In the present case, the patient had an abnormally high BMD. The patient might have had a structural abnormality of bone, as in the previous reports. Deepak et al. showed that there are many risk factors for stress fractures, but hypoparathyroidism was not included [13]. However, this is the first case of recurrent stress fractures with hypoparathyroidism. Thus, hypoparathyroidism could also be a risk factor for stress fractures. Furthermore, in the present case, the patient had no symptoms of hypoparathyroidism, and there are numerous asymptomatic patients with the disease [11]. Therefore, there might be other patients with hypoparathyroidism who develop stress fractures. We believe that serum calcium levels should be checked in patients with stress fractures, and if the serum calcium level is low, serum i-PTH levels also need to be checked, since hypoparathyroidism should be considered.

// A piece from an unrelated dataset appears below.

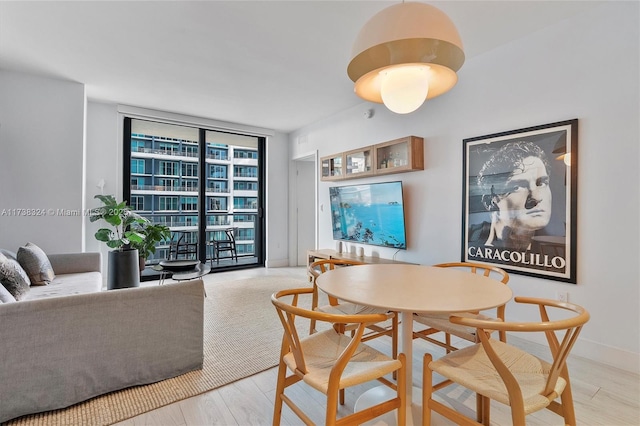 dining room featuring light hardwood / wood-style flooring and floor to ceiling windows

Regarding treatment, there are no formal guidelines for the management of hypoparathyroidism [6]. It is true that previous reports showed the effectiveness of teriparatide. However, standard therapy of hypoparathyroidism is said to be vitamin D supplementation with the goal of maintaining serum calcium within the low-normal range and avoiding hypercalciuria [16]. Therefore, the present patient was treated with alfacalcidol because he had no symptoms other than the fifth metatarsal stress fracture. In the present case, the serum calcium level increased immediately after the start of alfacalcidol, and the patient could return to sports without any problem.

In conclusion, this is the first reported case of recurrent fifth metatarsal stress fractures with hypoparathyroidism. Hypoparathyroidism might be one of the risk factors for stress fractures, and there are many asymptomatic patients with the disease. Therefore, there might be patients with undiagnosed hypoparathyroidism who develop stress fractures. We believe that serum calcium levels need to be checked in patients with stress fractures, and if the serum calcium is low, serum i-PTH levels also need to be checked.